Your goal:
From the line containing "A man holding" through the last line of the records below, output every line exactly, both ends included, except the pictures.

Brief descriptive captions
Start of Block

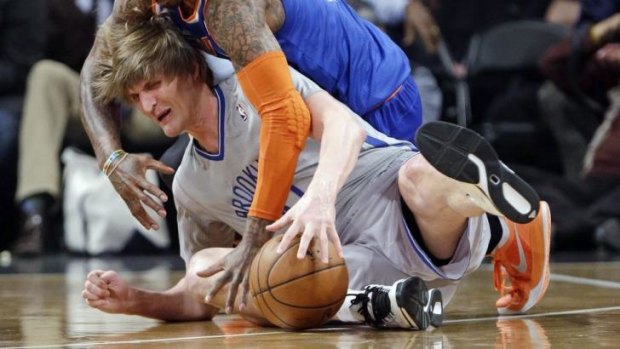 Brooklyn Nets forward Andrei Kirilenko scrambles for control of the ball in New York.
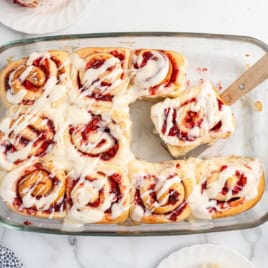 A glass baking dish with iced raspberry sweet rolls; one roll is being lifted out with a spatula. Reminiscent of Strawberry Cinnamon Rolls, the rolls are swirled with vibrant raspberry filling and topped with a generous layer of white icing.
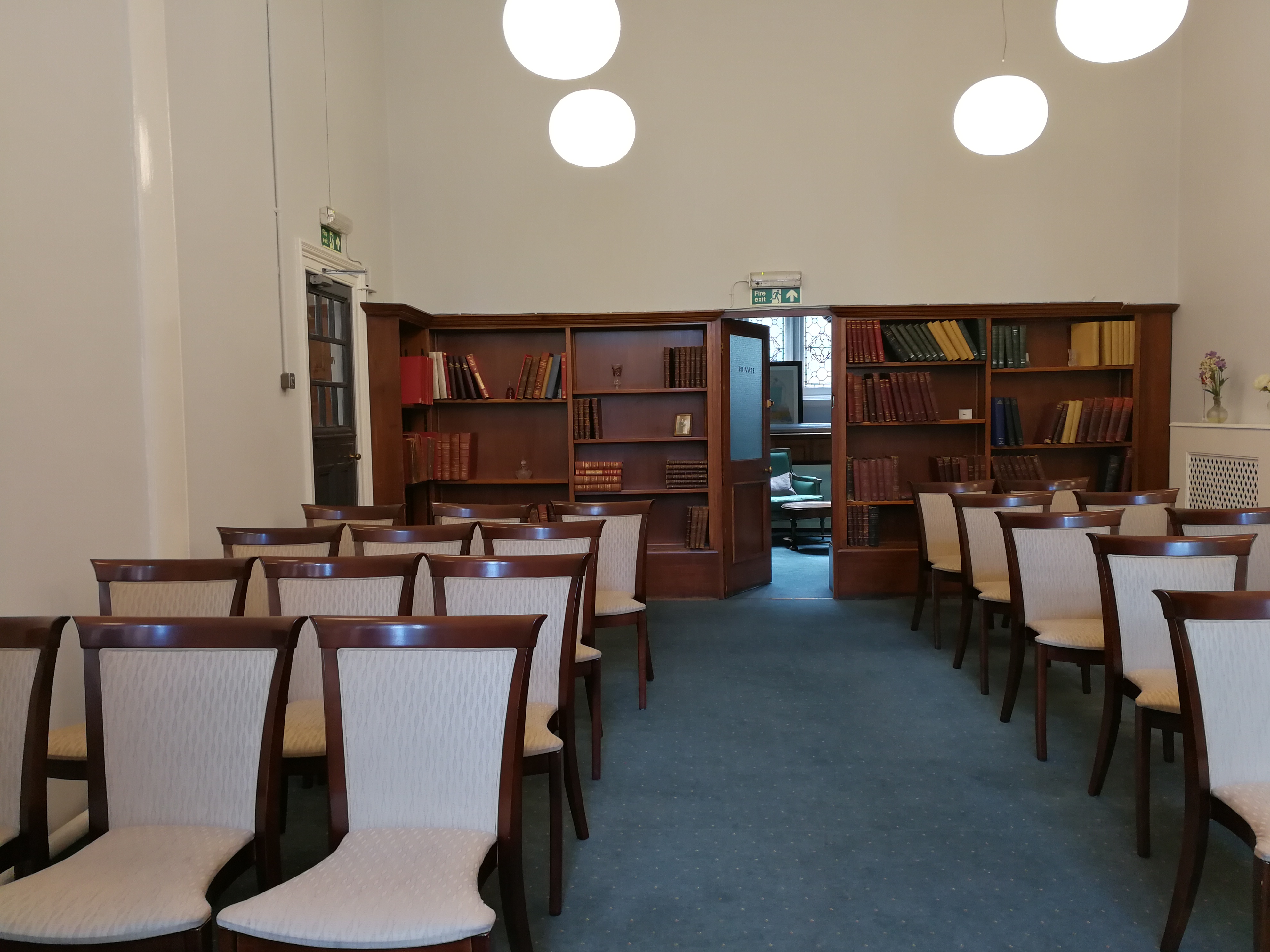 Cozy semi-circular meeting space in Mayfair Library, perfect for workshops and gatherings.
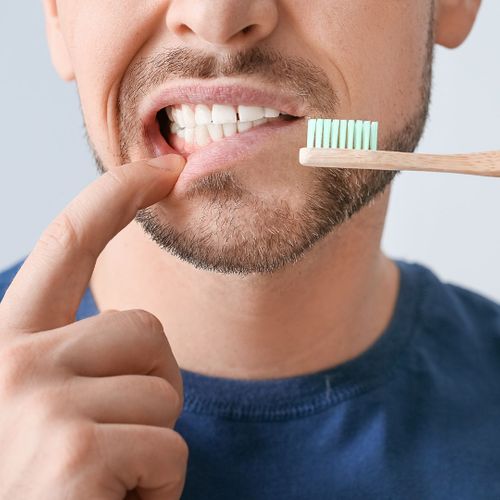 A man holding down his lip while holding a toothbrush close to his mouth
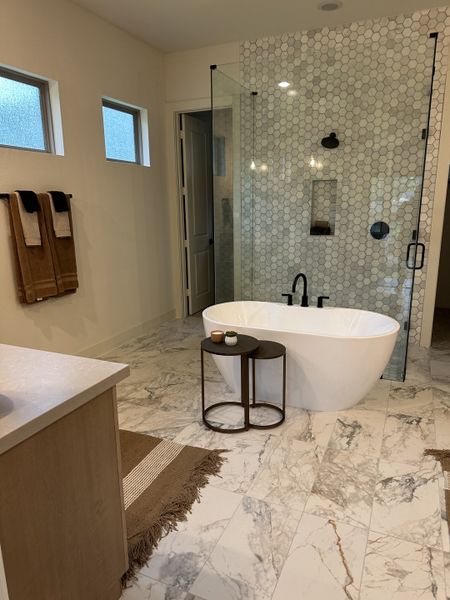 A luxurious bathroom with a freestanding tub, marble floors, hexagonal tile shower, and minimalist decor.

End of Block

Worked solution:
 A man holding down his lip while holding a toothbrush close to his mouth
 A luxurious bathroom with a freestanding tub, marble floors, hexagonal tile shower, and minimalist decor.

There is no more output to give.